For ease of use and design, floating point arithmetic is the best. But when using the Atmel Mega32 microcontroller and Codevision C, a floating point multiply takes around 400 cycles and a floating add takes 120 cycles. For comparison of different techniques let's compare how many 2-pole infinite-impulse response (IIR) filters we can run in real time at an 8KHz sample rate. An 8KHz sample rate translates to 2000 cycles between samples at a maximum CPU clock rate of 16 MHz. As will be shown later, a 2-pole IIR filter requires five multiplies and four adds per sample for a total of 2480 floating point cycles. So at 8KHz sample rate we cannot even run one filter in real time using floating point arithmetic.

Going to the other extreme of simple 8-bit integer arithmetic, a one byte 8-bit by 8-bit multiply is performed in hardware in 2 cycles but takes a total of 8 cycles to fetch and store. An 8-bit add is about the same speed. We could run about 40 2-pole filters in real time, but an 8-bit format does not have the dynamic range necessary to build accurate filters. As we shall see, building accurate filters means subtracting two numbers which are almost equal, so 8-bit numbers suffer because so few bits are left after the subtraction.

A compromise is to use 16-bit fixed point arithmetic with 8-bits of integer and 8-bits of fraction (8:8 notation). As we shall see, a 16-bit fixed multiply-and-add (called a MAC operation) can be done in 24 cycles, including loading parameters. By the time registers are saved and restored in a C function call, the 2-pole IIR calculation takes 182 cycles. We can therefore perform about 11 filter operations per sample time! Accuracy is good enough for filters up to about 4-poles, but some care is needed. Narrow bandwidth may cause errors, the filter coefficients may need to be scaled, and actual filter response should always be measured. I chose 8:8 notation in spite of its accuracy limitations for three reasons: (1) It is very fast to compute. (2) We use 8:8 notation for other applications where a larger integer dynamic range is handy, specifically for video games.
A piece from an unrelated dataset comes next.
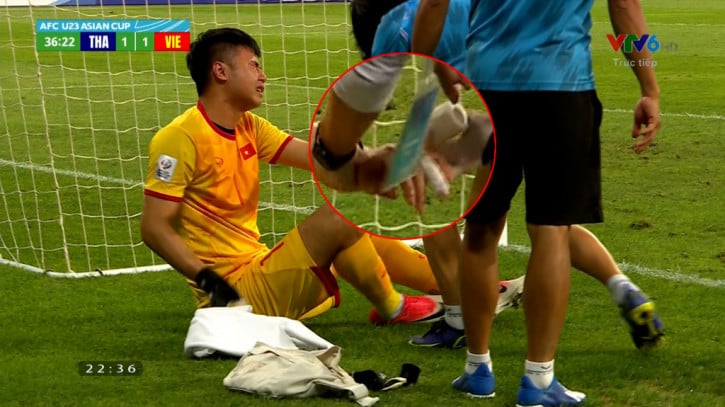 Sao U23 Việt Nam đi vào lịch sử với siêu phẩm ở giây thứ 20, đội nhà chia điểm sau biến cố chấn thương của thủ môn - Ảnh 2.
The integer part of the notation maps nicely into video pixels, while the 8-bit fraction is accurate enough to represent fractional pixel-change speeds. (3) The Matlab design tools that the students are used to using produce filter coefficients of up to +/-7 or so for some frequency ranges, but for smaller coefficients, it is easy to scale the Matlab-generated filter coefficients by 16 to increase fixed-point accuracy without changing the filter frequency response. Scaling required just one small change to the assembler filter code.

Students in my ECE476 microcontroller class at Cornell University (see Resources) have used these digital filters for several applications over the last two years. These include:

- -- Music-controlled, stepper-motor driven Marionette.
- -- MIDI synthesizer.
- -- Guitar tuner/trainer.
- -- Music-controlled, solenoid-driven 8-channel water fountain.
- -- Voice-command car (which worked best in Hindi).
- -- Voice-command lock.

# Digital Filters at a high level

At a high level, digital filtering attempts to use the current input sample, past inputs and past filter outputs to select certain frequencies of the input signal. We will restrict ourselves to a subset of digital filters which are referred to as linear, time invariant filters. With this restriction, we can use powerful design tools available on the Web or in languages like Matlab to build filters (see Resources). Any linear, time invariant filter can be written as

a(1) \* y(n) = b(1) \* x(n) + b(2) \* x(n-1) + ... + b(nb+1) \* x(n-nb)- a(2) \* y(n-1) - ... - a(na+1) \* y(n-na)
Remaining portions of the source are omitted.